The rest of the school year was a blur. I told my parents the barest minimum I could get away with. Mom was typical, she defended me and called him a 'loser'. Dad was a bit more perceptive, while still being super supportive. I remember him once saying "he didn't think Kenny was the type".

Even Clara's folks reached out and let me know I could count on them.

I avoided Kenny and the places we used to hang out together. I don't remember if I even saw him. Truth be told, I didn't hear from him at all. Which pissed me off even more, I guess? After the years together and a serious talk about our future together (initiated by him, remember), parts of me wanted him groveling at my feet. Ha! Like Miss Cherry What's-her-name, kissing my ass and begging my forgiveness. Yeah, I could've done with some real begging. I'd pass on the rest of that other stuff though. What kind of person enjoys that? How do you even find that out? Disgusting.

Clara reached out to me more often after her return back to Vegas. She was really my rock and I tried not to abuse it, but I may have been a bit selfish. She was understanding and reminded me that I could always join her after school.

A year later, after graduation, I did just that.

She told me I could stay at home for the summer and then move out in the fall, but I needed the fresh start.

Clara's place was huge. It was a ways off the strip but had great views of the main sights through floor to ceiling windows. Three bedrooms (hers was really huge), an office located on the far side of the place (which was locked most of the time) and a really nice kitchen. She kept the place frigid, with the air conditioning blasting, regardless of the weather outside. She just padded around in baggy sweats most of the time with her hair up. She usually went to work like that, saying she hated getting to the office in the heat. Well, it's not like she walked, either. She had a current Mercedes coupe which she used for the office, but rarely drove it outside of work. I didn't know cars but it seemed really expensive. She Uber'd almost everywhere else, saying that the sun was murder on the paint, so she wanted to keep the car in good shape.

I will admit; I moved there right at the start of the summer and in the following months, there were more than a few days where that summer sun was so damn hot that I ran back to her apartment, grateful for the polar air inside. Well, maybe not 'ran'; it's hard to move fast in that kind of heat, but let's say I was 'highly motivated' to get inside where it was cool.

The scale of Vegas was more than a bit much for me. I swear, crossing this street seemed to take fifteen minutes in some parts of town. The whole strip was just over the top.

But Clara just swam through it like a mermaid. She set me up with some great job interviews during the day (boy, was she well connected! Her hotel group hosted everybody...) and at night, she knew a bunch of great clubs to hit.
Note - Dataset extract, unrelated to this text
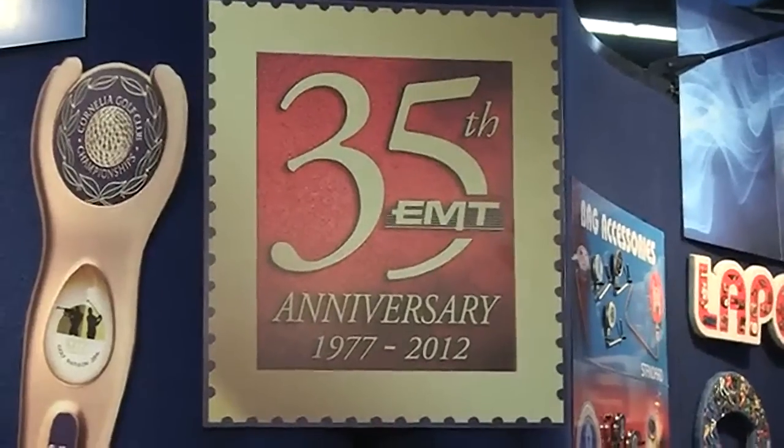We're very excited to find out what you have new for 2012. You've been around for 35 years, but you're still innovating. One of our most popular new products for 2012 is our Pitchfix Golf Divot Tool.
Clara herself was fine. She worked a lot, like sometimes really late. But she seemed to be around the apartment a lot, working in her office. She asked that I not go in there while she was working. I mean, that was the least I could do, right? I did hear her raise her voice sometimes in there, but it wasn't my place to ask. She had succeeded in a tough industry at a young age, so I wasn't gonna get in the way of my best friend.

She seemed to go to the gym a lot, and ate smart, but she was hardly a fanatic. She still had that skinny-lean look in her face but she was always bundled up when at home, hair up in a lazy ponytail and mostly make-up free. Sure, she seemed a bit more glamorous, with expensive mani-pedis, and even though she was in sweats, they weren't ratty rags. It was glam stuff, but she wore it all low key. She was living the life and at such a young age! I was probably a bit jealous, if I was honest.

After having almost no social life for my whole senior year at university (Thanks Kenny!), it turned out I was ready to cut loose. Well, at least for me. I was never a real clubkid, so more than three nights out a week was really active for me. But in those first weeks, I was out at least five nights a week. Not always really late, but just getting dressed up and out the door was great. It was really therapeutic to get over ... Kenny. I was already starting to put him behind me. And it was about time, too.